Und nun dies: « Selbstgespräche helfen der Impulskontrolle, sie fördern die Konzentration und unterstützen die Planung von Handlungen.» Genau dieser Text war kürzlich in einer Tageszeitung zu lesen. Das hat mein Weltbild grundlegend verändert und mein Selbstwertgefühl schlagartig in die Stratosphäre katapultiert. Es ist einem neuen Zeitgeist und insbesondere der Psychologie - zu welcher ich eigentlich ein deutlich zwiespältiges Verhältnis habe- zu verdanken, dass den Selbstgesprächen ein neuer, durchaus positiver Stellenwert zugesprochen wird.
Die Lektüre des gesamten Artikels sowie eine ausgiebige Recherche ergab denn auch für mich ziemlich erstaunliche Fakten: Zum einen, dass Selbstgespräche zu führen, zu den urmenschlichen Eigenheiten zählt und offenbar eine nützliche ist, denn sie kann dabei helfen, die Leistung zu steigern, zum andern, dass es sich bei Selbstgesprächen schlicht um wahrnehmbares Denken handelt, wobei in manchen Momenten die Stimmen durch das dauernde Gedankenbrausen im Schädel dringen und sich als Selbstgespräch bemerkbar machen.

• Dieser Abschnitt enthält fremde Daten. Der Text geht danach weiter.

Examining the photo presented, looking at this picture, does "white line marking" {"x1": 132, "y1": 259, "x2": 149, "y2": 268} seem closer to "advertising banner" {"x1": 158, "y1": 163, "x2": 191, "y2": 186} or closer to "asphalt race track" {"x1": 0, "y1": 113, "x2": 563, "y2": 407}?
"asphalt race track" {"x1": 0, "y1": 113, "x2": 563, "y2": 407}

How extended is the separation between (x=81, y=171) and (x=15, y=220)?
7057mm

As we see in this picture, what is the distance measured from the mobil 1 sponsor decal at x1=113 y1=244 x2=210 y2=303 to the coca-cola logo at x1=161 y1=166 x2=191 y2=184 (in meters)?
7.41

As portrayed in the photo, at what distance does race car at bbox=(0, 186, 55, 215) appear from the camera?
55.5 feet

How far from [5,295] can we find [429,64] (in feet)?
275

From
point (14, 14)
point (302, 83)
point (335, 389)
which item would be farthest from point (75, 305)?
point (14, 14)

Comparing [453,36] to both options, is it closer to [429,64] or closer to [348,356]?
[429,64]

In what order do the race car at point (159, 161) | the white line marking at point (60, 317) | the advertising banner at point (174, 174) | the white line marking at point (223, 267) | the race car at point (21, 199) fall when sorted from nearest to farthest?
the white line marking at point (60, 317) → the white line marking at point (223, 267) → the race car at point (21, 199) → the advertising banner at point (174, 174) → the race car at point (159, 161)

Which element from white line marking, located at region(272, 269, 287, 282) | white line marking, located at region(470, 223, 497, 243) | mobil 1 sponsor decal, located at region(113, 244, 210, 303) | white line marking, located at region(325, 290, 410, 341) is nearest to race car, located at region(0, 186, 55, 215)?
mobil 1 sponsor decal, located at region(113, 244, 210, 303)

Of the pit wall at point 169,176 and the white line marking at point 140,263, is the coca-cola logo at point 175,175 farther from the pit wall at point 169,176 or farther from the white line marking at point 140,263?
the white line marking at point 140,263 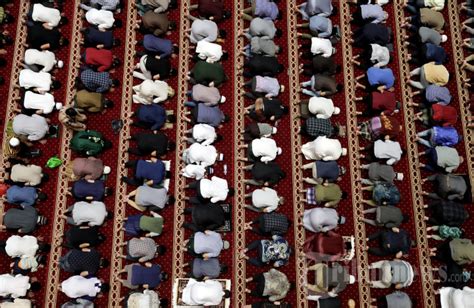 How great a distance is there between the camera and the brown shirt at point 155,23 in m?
7.47

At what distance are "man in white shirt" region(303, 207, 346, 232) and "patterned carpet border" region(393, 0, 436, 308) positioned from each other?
112cm

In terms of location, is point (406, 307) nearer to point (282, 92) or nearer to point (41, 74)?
point (282, 92)

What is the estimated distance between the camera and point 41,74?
7.09 metres

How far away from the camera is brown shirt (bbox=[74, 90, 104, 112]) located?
7.02 meters

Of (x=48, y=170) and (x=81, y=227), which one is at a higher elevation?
(x=48, y=170)

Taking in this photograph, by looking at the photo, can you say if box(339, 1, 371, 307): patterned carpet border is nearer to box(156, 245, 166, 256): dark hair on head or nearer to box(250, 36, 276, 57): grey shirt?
box(250, 36, 276, 57): grey shirt

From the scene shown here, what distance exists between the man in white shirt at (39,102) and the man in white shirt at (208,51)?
2032 millimetres

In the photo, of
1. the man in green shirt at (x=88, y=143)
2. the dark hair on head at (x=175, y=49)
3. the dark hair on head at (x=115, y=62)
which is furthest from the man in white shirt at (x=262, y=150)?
the dark hair on head at (x=115, y=62)

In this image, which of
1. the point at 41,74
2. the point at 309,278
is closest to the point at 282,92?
the point at 309,278

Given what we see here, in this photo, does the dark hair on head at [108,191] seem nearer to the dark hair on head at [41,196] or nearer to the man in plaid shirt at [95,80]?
the dark hair on head at [41,196]

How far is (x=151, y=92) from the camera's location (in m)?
7.15

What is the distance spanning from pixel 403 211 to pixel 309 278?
1.64 meters

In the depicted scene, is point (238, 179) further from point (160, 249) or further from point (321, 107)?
point (321, 107)

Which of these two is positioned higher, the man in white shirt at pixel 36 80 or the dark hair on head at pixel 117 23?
the dark hair on head at pixel 117 23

Selbstgespräche haben viele Funktionen. Die weit unterschätzten und häufig negativ konnotierten Gespräche mit sich selbst, helfen die eigenen Gedanken zu sortieren. Sie können beruhigen, motivieren aber auch Ideen reifen lassen, dabei helfen nichts zu vergessen und Stress abzubauen. Und, nota bene: Selbstgespräche fördern auch Intelligenz und Kreativität. Die Psychologin Linda Sapadin geht noch einen Schritt weiter. Sie sagt, Selbstgespräche seien wichtig für unser psychisches Wohlbefinden. Solche positive „Interaktionen mit uns selbst“ seien eben kein Anzeichen von Verrücktheit, sondern förderten ganz im Gegenteil unsere geistige Gesundheit massgeblich. Thomas Brinthaupt, Professor für Psychologie an der Middle Tennessee State Universität und Mitarbeiter haben in einer Studie mit dem Titel «The Self-Talk Scale: Development, Factor Analysis and Validation» ein neues Instrument, nämlich eben den Self-Talk Scale (STS) vorgestellt, um Studien hinsichtlich der Selbstgespräche zu erleichtern. Dieser STS dient dazu die Häufigkeit von Selbstgesprächen bei Probanden zu erfassen. Er basiert auf vier Kriterien, nämlich: 1. Das “Social Assesment», das Durchspielen von sozialen Situationen, 2. der “Self-Criticism», d.h. Kritik gegen sich selber zu üben, 3. ein «Self-Reinforcement», sich selbst motivieren und 4. Das «Self-Management», will sagen sich selber zu organisieren, also Gedanken zu strukturieren und Handlungen zu planen.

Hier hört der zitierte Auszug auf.